COLLECTED DATA
>>>>>

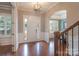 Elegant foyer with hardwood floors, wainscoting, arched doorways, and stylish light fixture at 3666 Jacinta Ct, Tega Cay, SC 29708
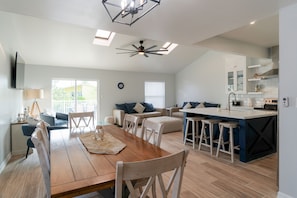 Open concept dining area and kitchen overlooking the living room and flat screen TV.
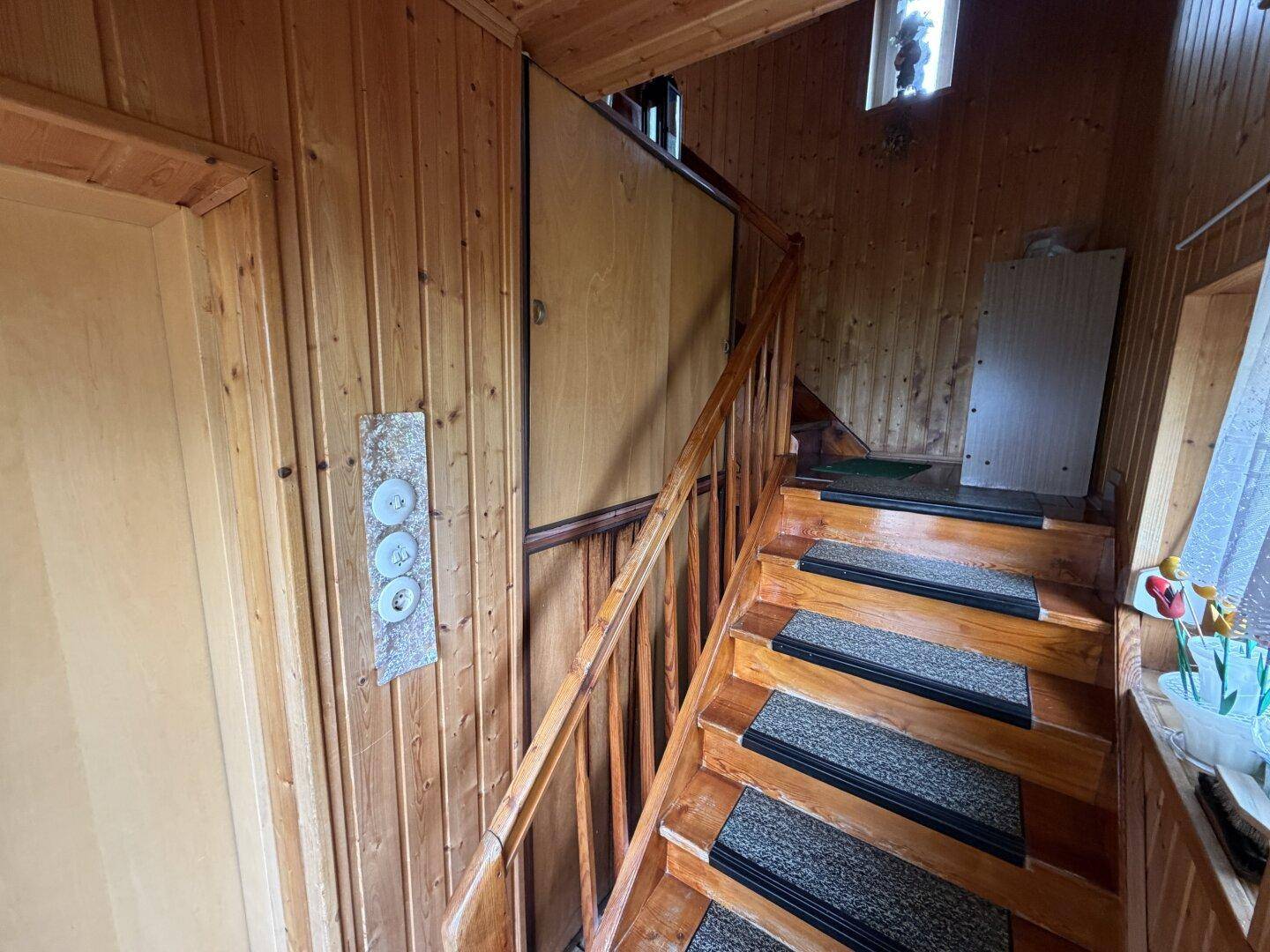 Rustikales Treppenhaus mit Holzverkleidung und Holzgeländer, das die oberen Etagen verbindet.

<<<<<

EXERCISE DESCRIPTION
Take the whole listing above and copy it exactly. Pictures do not go into the copy.

RESULT BELOW
 Elegant foyer with hardwood floors, wainscoting, arched doorways, and stylish light fixture at 3666 Jacinta Ct, Tega Cay, SC 29708
 Open concept dining area and kitchen overlooking the living room and flat screen TV.
 Rustikales Treppenhaus mit Holzverkleidung und Holzgeländer, das die oberen Etagen verbindet.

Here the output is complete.